Problem statement
Extract the records in full, leaving every picture out.

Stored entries

====

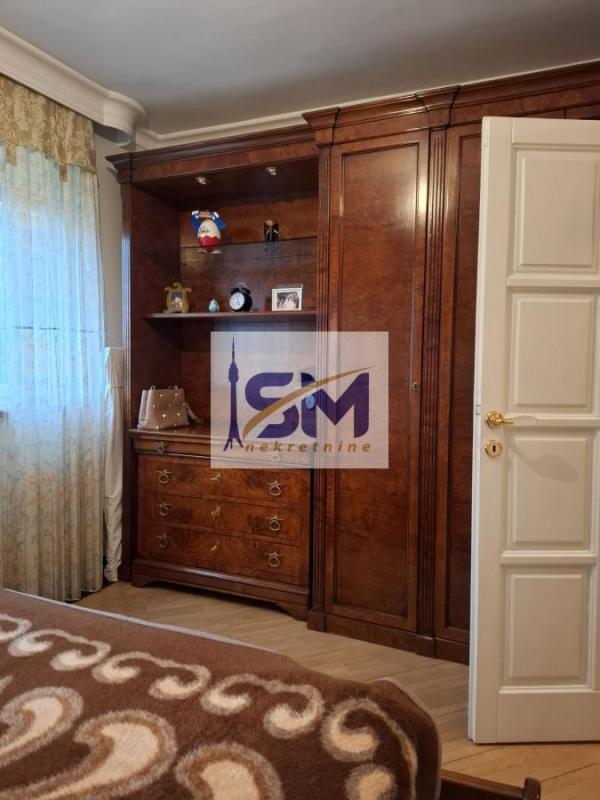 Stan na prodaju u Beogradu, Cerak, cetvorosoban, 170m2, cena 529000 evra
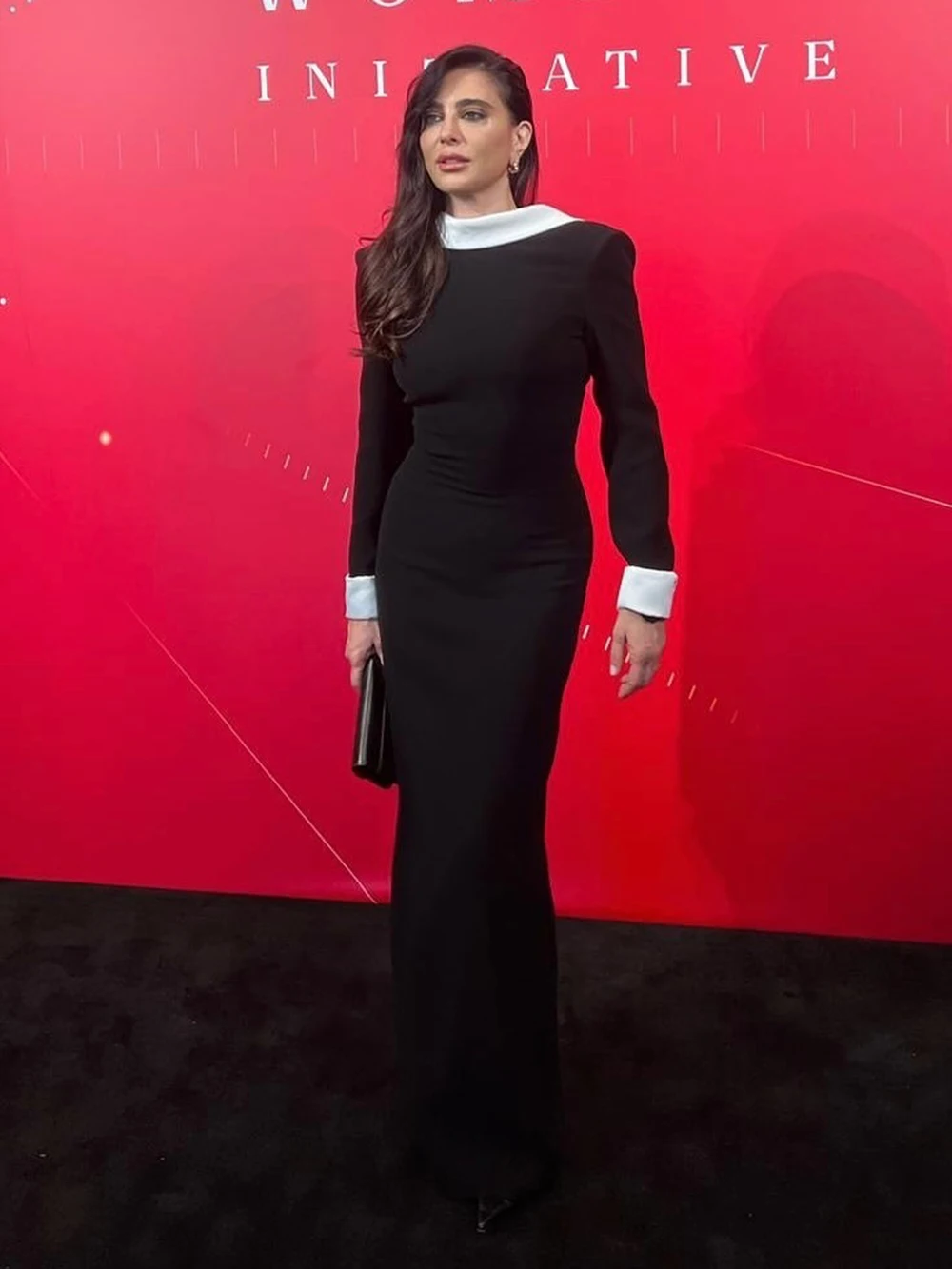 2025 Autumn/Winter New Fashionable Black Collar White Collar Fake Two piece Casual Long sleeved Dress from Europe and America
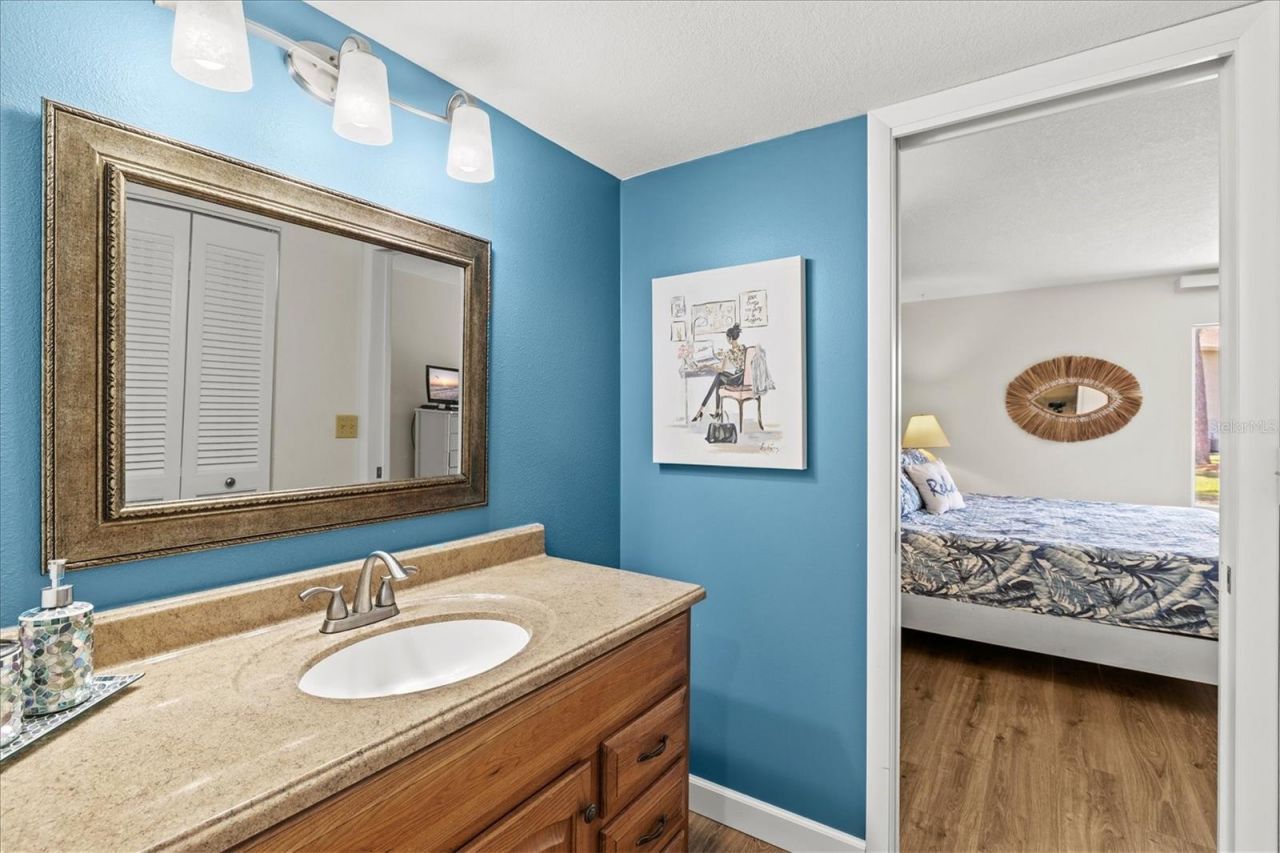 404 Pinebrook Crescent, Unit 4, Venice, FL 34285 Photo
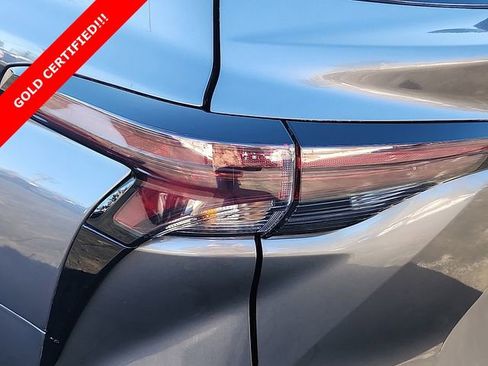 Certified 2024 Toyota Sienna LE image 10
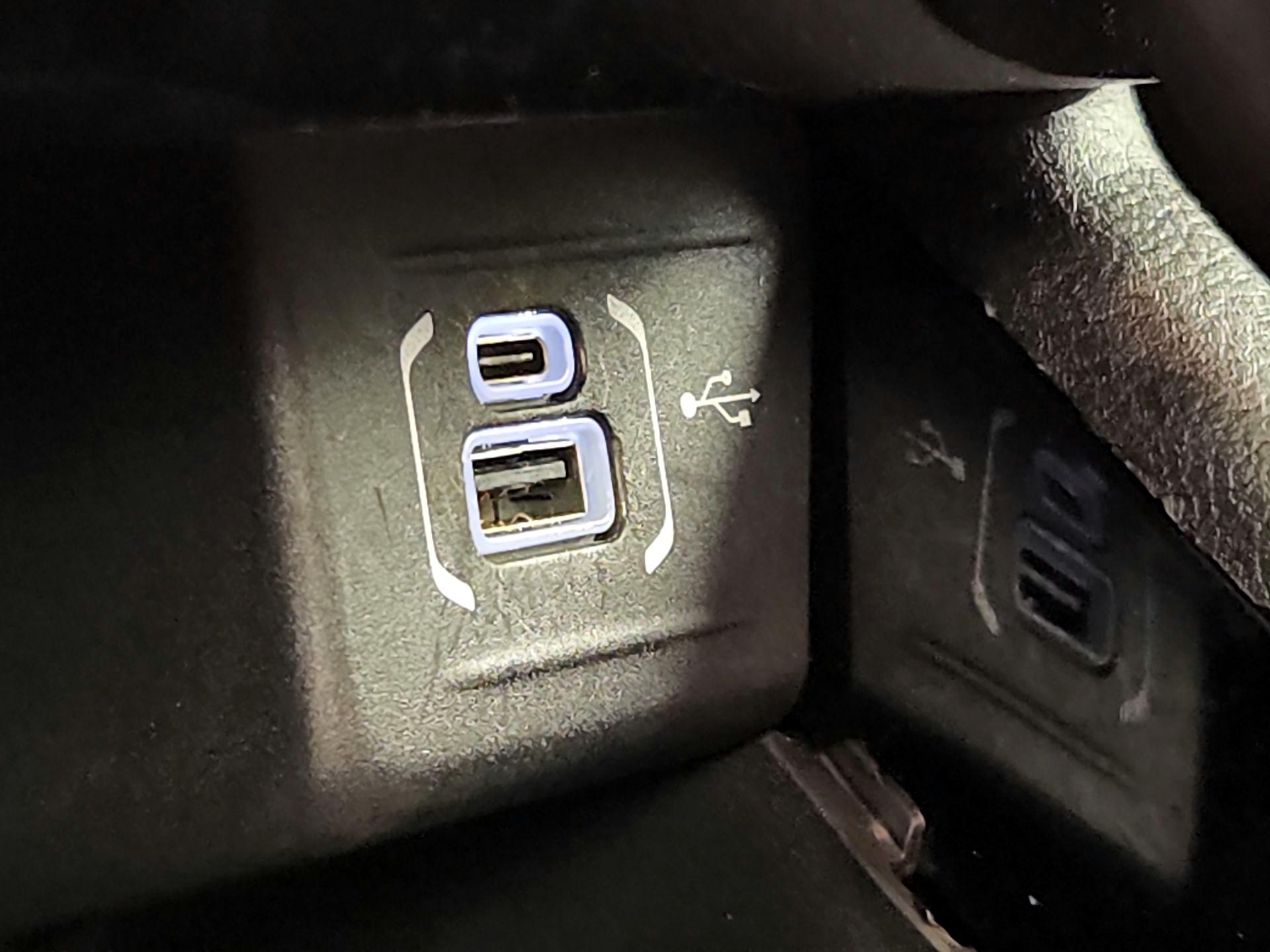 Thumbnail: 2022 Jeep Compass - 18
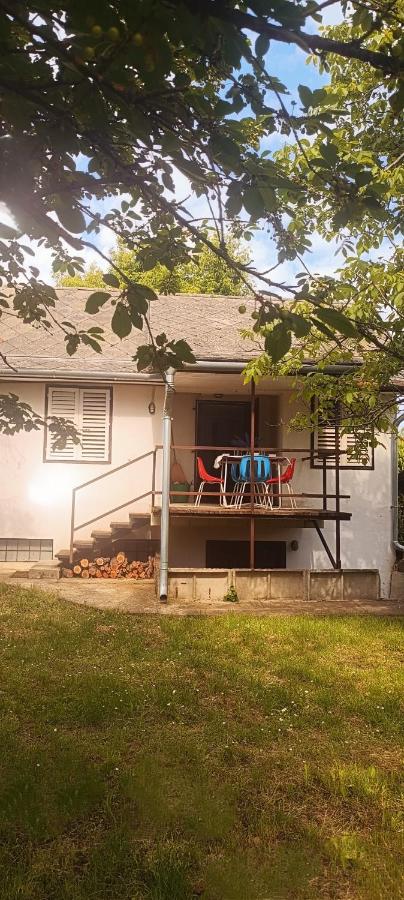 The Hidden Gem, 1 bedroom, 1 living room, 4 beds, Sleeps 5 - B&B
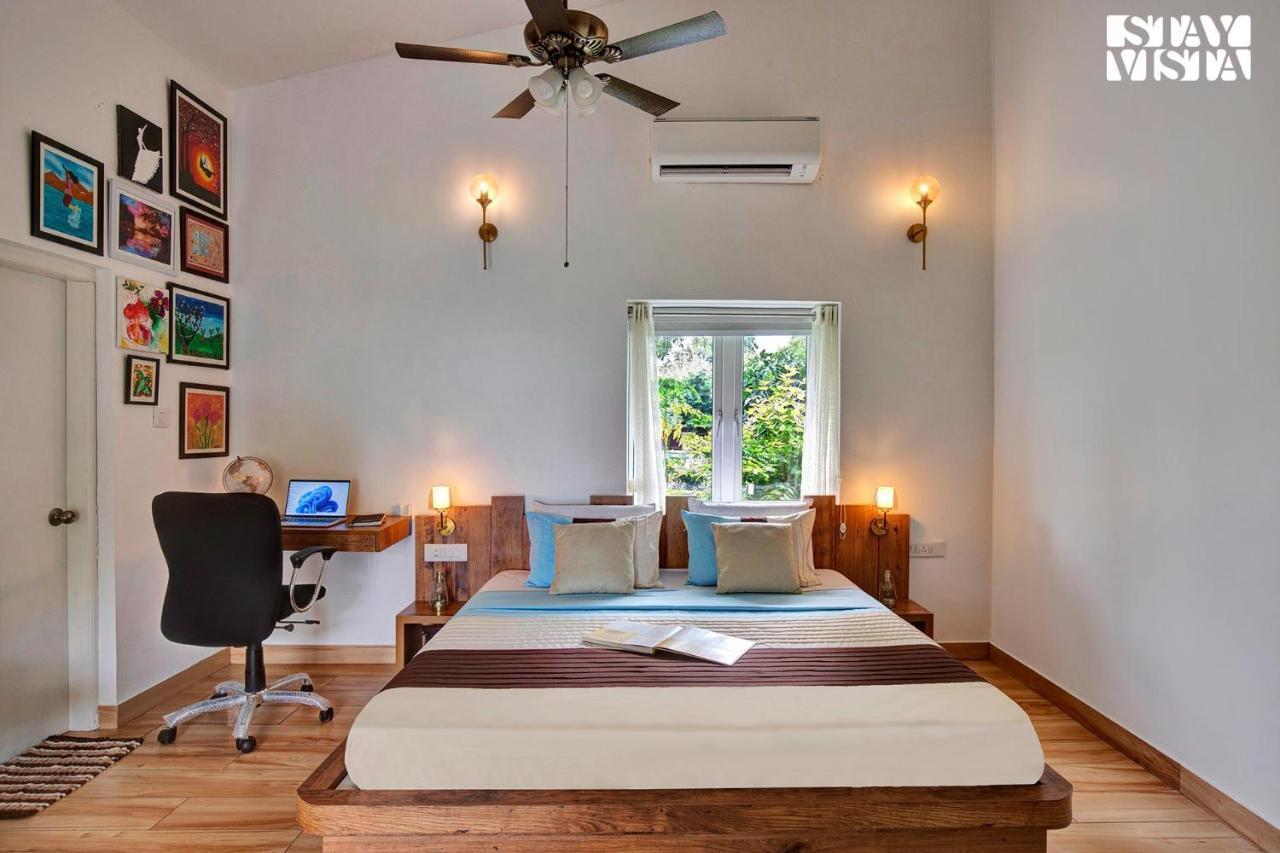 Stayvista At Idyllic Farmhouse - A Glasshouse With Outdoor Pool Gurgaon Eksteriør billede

====

Worked solution
 Stan na prodaju u Beogradu, Cerak, cetvorosoban, 170m2, cena 529000 evra
 2025 Autumn/Winter New Fashionable Black Collar White Collar Fake Two piece Casual Long sleeved Dress from Europe and America
 404 Pinebrook Crescent, Unit 4, Venice, FL 34285 Photo
 Certified 2024 Toyota Sienna LE image 10
 Thumbnail: 2022 Jeep Compass - 18
 The Hidden Gem, 1 bedroom, 1 living room, 4 beds, Sleeps 5 - B&B
 Stayvista At Idyllic Farmhouse - A Glasshouse With Outdoor Pool Gurgaon Eksteriør billede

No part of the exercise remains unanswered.